Voinovich Retires

Heh, that was quick:

“After prayerful consideration and much thought, my wife Janet and I have decided that I will not seek a third term in the United States Senate,” he writes on his Senate website. “Not since the Great Depression and the Second World War have we been confronted with such challenges, as a nation and as a world. Those of us that have been given the honor to serve in these times must step up to the plate and put this country on a course that will see it through these harrowing times and make it strong and viable for the 21st century. These next two years in office, for me, will be the most important years that I have served in my entire political career. I must devote my full time, energy and focus to the job I was elected to do, the job in front of me, which seeking a third term – with the money-raising and campaigning that it would require – would not allow me to do.”

Obviously the first question most people have is how this will effect the 2010 election, and who will be competing to take the seat. Marc Ambinder speculates that Rob Portman and John Kasich will be interested in the seat, and that’s probably a safe bet. Mike DeWine will probably look into the chance to return to Washington as well. But my bet is that the discussion begins and ends with Portman. If he gets in, for the most part the field will be pretty clear. If not, well it’s a pretty short bench for the Ohio GOP, although I’d keep an eye on Rep. Mike Turner of the 3rd district (Dayton), who may fear a Democratic led redistricting effort after 2010 and may take a crack at the Senate.
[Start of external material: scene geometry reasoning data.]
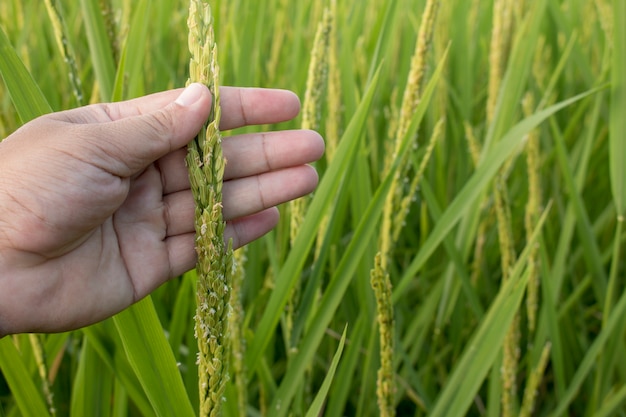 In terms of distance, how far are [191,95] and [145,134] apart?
0.32ft

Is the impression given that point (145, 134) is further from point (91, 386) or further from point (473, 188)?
point (473, 188)

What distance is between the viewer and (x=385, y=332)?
93 cm

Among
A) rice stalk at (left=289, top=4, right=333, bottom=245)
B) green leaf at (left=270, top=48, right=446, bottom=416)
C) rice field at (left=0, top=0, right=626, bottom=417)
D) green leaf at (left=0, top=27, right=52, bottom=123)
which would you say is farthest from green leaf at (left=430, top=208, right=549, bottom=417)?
green leaf at (left=0, top=27, right=52, bottom=123)

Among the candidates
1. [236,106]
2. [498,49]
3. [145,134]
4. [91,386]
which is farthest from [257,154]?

The Democratic side is much more interesting. Ambinder singles out Representatives Betty Sutton, Tim Ryan, Zach Space, and Lt. Governor Lee Fisher. The guys at Buckeye State Blog call Tim Ryan the likely grassroots favorite, and they’re probably right about that, and speculate that the establishment pick is going to be Fisher. Personally, I think a lot of this is pretty CW heavy stuff. If Portman does run, I think the Democrats (especially in the DSCC) are likely to want a much stronger candidate than Fisher, who served only one term as Attorney General that ended in 1995, and hasn’t won an election since (the Lt. Governor runs on a ticket with Ohio and is hand picked by the gubernatorial candidate, they aren’t their own independent race). And while I do think that Sutton and Ryan will look into the race, I don’t see Space making much of an effort at the seat, and Washington Democrats will certainly want to keep him in the 18th district, which is still heavily Republican and where Democrats will need the benefits of incumbency to compete.
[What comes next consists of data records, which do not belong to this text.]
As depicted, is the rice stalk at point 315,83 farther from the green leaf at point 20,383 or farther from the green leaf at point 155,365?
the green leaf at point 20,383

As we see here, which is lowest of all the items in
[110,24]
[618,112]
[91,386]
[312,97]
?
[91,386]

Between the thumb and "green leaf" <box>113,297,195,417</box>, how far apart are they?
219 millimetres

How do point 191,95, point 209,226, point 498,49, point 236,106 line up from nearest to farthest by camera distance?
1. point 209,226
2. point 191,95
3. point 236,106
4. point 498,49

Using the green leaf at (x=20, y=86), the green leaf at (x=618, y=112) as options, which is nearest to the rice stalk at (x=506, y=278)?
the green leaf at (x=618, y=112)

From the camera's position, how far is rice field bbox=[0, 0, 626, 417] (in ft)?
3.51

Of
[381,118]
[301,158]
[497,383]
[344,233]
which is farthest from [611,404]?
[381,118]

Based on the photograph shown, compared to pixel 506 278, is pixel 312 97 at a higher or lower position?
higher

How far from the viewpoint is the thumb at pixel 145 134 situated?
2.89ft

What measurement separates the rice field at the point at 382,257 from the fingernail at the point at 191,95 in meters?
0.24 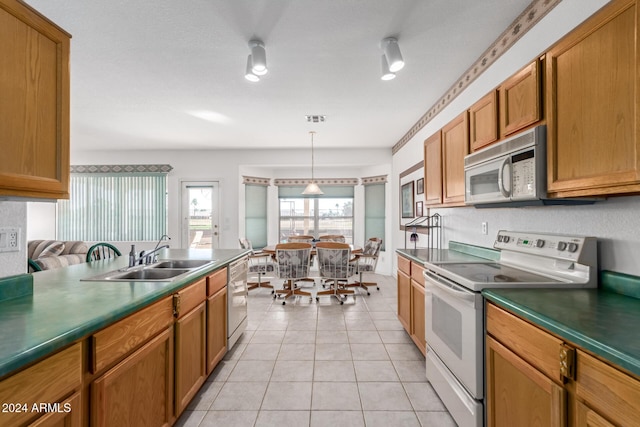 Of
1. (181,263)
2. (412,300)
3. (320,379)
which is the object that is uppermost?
(181,263)

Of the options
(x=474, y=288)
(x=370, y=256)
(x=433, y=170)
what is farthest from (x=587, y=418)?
(x=370, y=256)

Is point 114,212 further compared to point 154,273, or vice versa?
point 114,212

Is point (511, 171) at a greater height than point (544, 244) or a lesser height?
greater

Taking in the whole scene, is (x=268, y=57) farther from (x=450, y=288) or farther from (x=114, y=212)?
(x=114, y=212)

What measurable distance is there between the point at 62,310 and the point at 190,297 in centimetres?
74

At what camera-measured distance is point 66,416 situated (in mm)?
920

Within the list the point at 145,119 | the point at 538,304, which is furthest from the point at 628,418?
the point at 145,119

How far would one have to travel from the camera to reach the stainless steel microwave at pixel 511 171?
1441 mm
So my Democrat to watch is Rep. Marcy Kaptur of the 9th district (Toledo). A longtime representative with a decently high profile, I suspect she would be Chuck Schimer’s first choice to run against Portman, and if she did get in the race I suspect the field would probably be pretty clear. But she at 62¬†years old I don’t know if she’ll want to trade in a very senior position in the House, and some choice subcommittee assignments on the Appropriations committee, to take a very junior position in a very large Senate caucus. But that’s the person to watch, at least initially.

The more short term, substantive question is how this will affect this Congress. I generally think reputations for moderation are overblown, and Voinovich certainly had a pretty boilerplate Republican voting record in the chamber, but he was also the guy most responsible for blocking John Bolton’s appointment tobe UN Ambassador until Bush made him a recess appointment, and the freedom from having to worry about getting re-elected may leave him more willing to be a constructive partner for Senate Democrats. Maybe.